Sozialer Umbau
Klima-Aktivisten und Gewerkschafter wollen weniger Luftfahrt

Die Umweltinitiative Stay Grounded und eine der größten britischen Gewerkschaften, die PCS, fordern einen konzertierten Rückbau des Flugverkehrs, der die Interessen der Beschäftigten und Umweltfragen in den Vordergrund stellt.

Flieger am Boden So wie vor Corona soll es nie wieder werden (wolfgang 321)

Die beiden Organisationen fordern eine Abkehr vom Flugverkehr der Vor-Corona-Zeit. Flugzeuge seien das klimaschädlichste Verkehrsmittel überhaupt und für sechs Prozent aller klimarelevanten Ausstöße verantwortlich. Dabei verursache eine kleine globalisierte Elite von nur einem Prozent der Weltbevölkerung die Hälfte aller Emissionen der kommerziellen Luftfahrt, während 80 Prozent aller Menschen noch nie geflogen sei.

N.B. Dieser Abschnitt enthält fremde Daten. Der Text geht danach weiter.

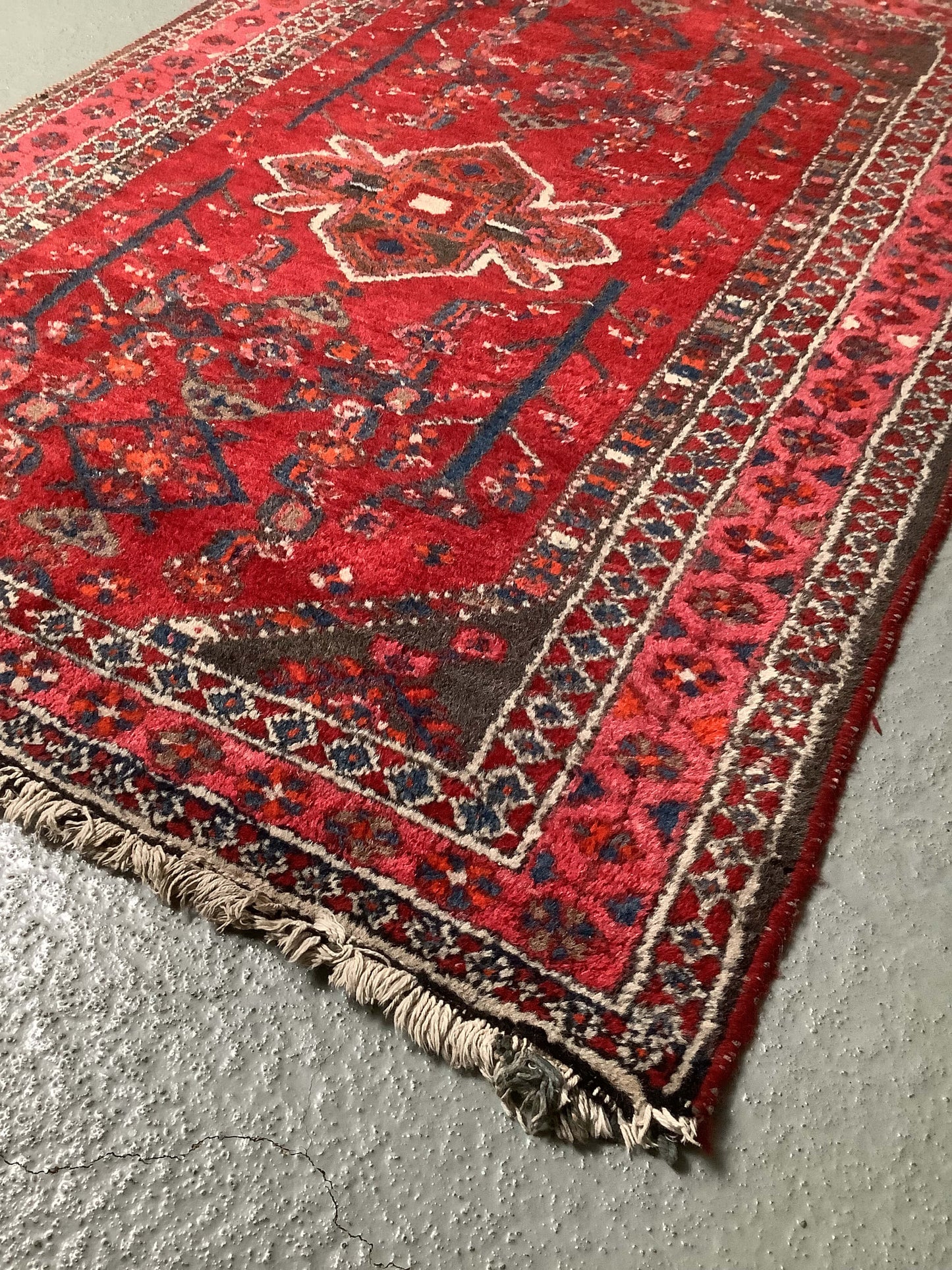 Käsinsolmittu vintage villamatto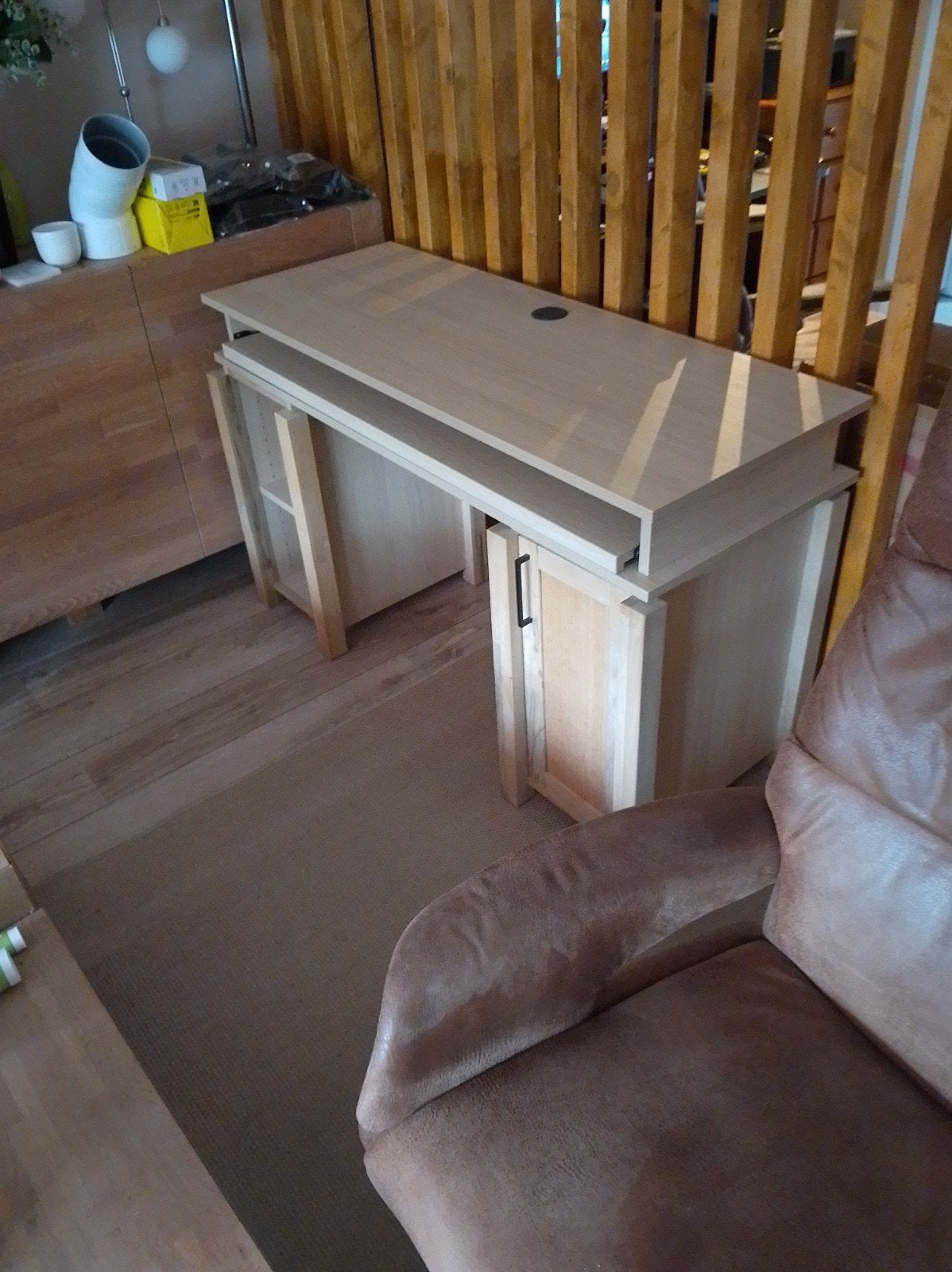 buro met uitschuifbaar blad, Ophalen, Gebruikt, Hout, Overige merken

Die PCS, die vor allem öffentliche Angestellte vertritt, und die luftfahrtkritische Organisation verurteilen die Rettungsbemühungen vieler Regierungen für die Luftfahrt. Allein bis zum August 2020 hätten Regierungen aus 57 Ländern über 137 Milliarden Euro an Steuergeldern zugunsten von Fluggesellschaften zugesagt. Das entspreche etwa 38 Prozent des erwarteten Umsatzeinbruchs. Nur ein kleiner Teil davon sei bei den 2,7 Millionen direkt bei den Fluggesellschaften Beschäftigten angekommen. Mindestens 400 000 Mitarbeiter seien entlassen worden oder stünden vor der Entlassung. Viele andere müssten Lohnkürzungen und neue, schlechtere Arbeitsverträge akzeptieren.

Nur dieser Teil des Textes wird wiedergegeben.